Argumenten voor ethisch relativisme
Herodotus, de Griekse historicus uit de 5e eeuw v.Chr., bracht dit standpunt naar voren toen hij opmerkte dat verschillende samenlevingen verschillende gebruiken hebben en dat elk persoon denkt dat de gebruiken van zijn eigen samenleving het beste zijn. Maar geen enkele sociale gewoonte, zei Herodotus, is echt beter of slechter dan alle andere. Sommige hedendaagse sociologen en antropologen hebben op dezelfde manier betoogd dat moraliteit, omdat het een sociaal product is, zich binnen verschillende culturen anders ontwikkelt. Elke samenleving ontwikkelt normen die door mensen binnen haar worden gebruikt om onderscheid te maken tussen aanvaardbaar en onaanvaardbaar gedrag, en elk oordeel over goed en kwaad veronderstelt een van deze normen.

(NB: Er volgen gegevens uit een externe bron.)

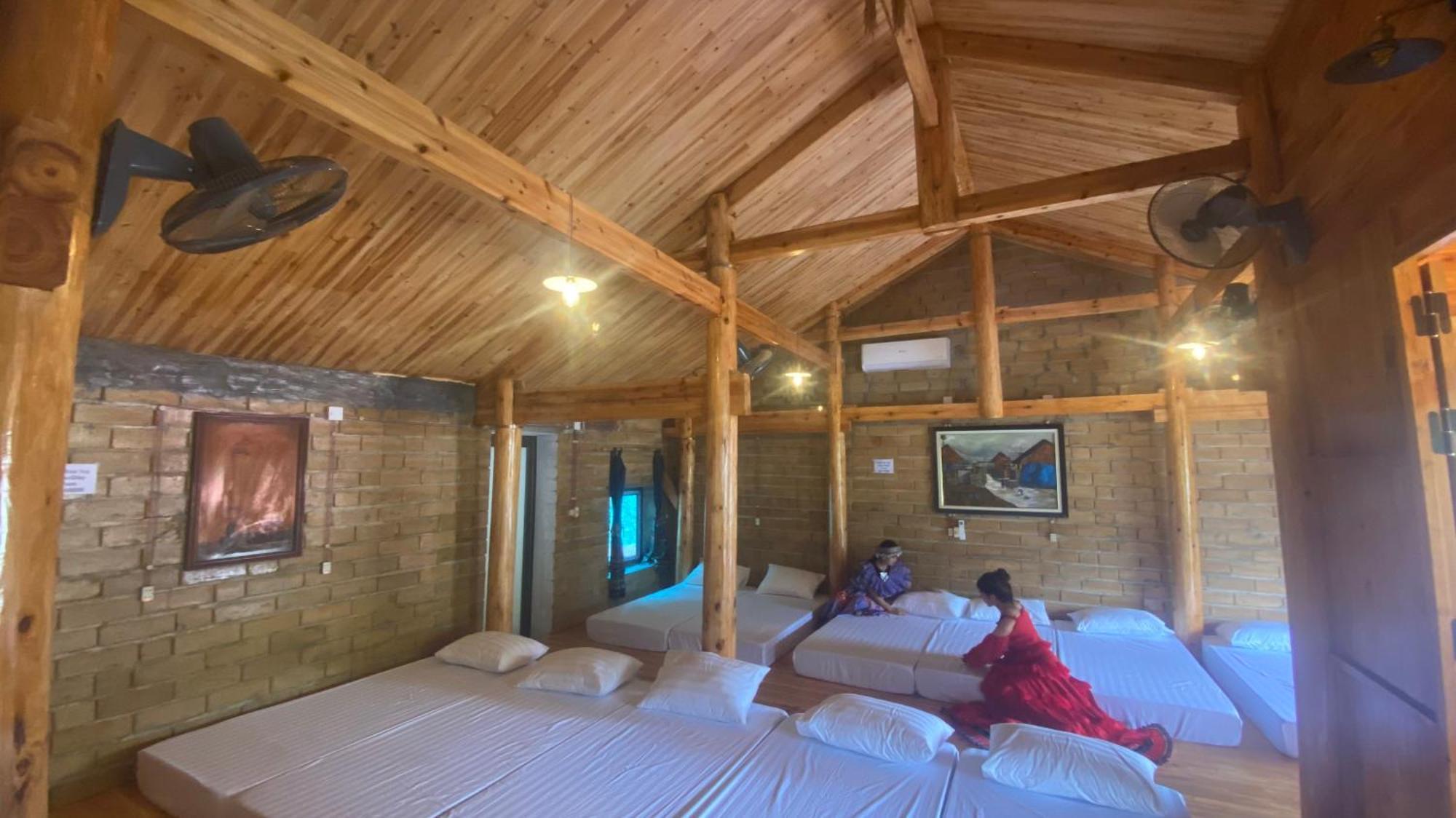 Tom Tep Homestay Ha Giang Kültér fotó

Dus, volgens deze onderzoekers, als praktijken zoals polygamie of kindermoord als goed worden beschouwd binnen een samenleving, dan zijn ze juist ‘voor die samenleving’; en als dezelfde praktijken als fout worden beschouwd in een andere samenleving, dan zijn die praktijken verkeerd voor Afgezien van deze sociale codes bestaat er niet zoiets als wat ‘echt’ goed is, want er is geen cultuurneutrale standaard waarop we een beroep kunnen doen om te bepalen welke visie van de samenleving juist is. De verschillende sociale codes zijn alles wat er bestaat.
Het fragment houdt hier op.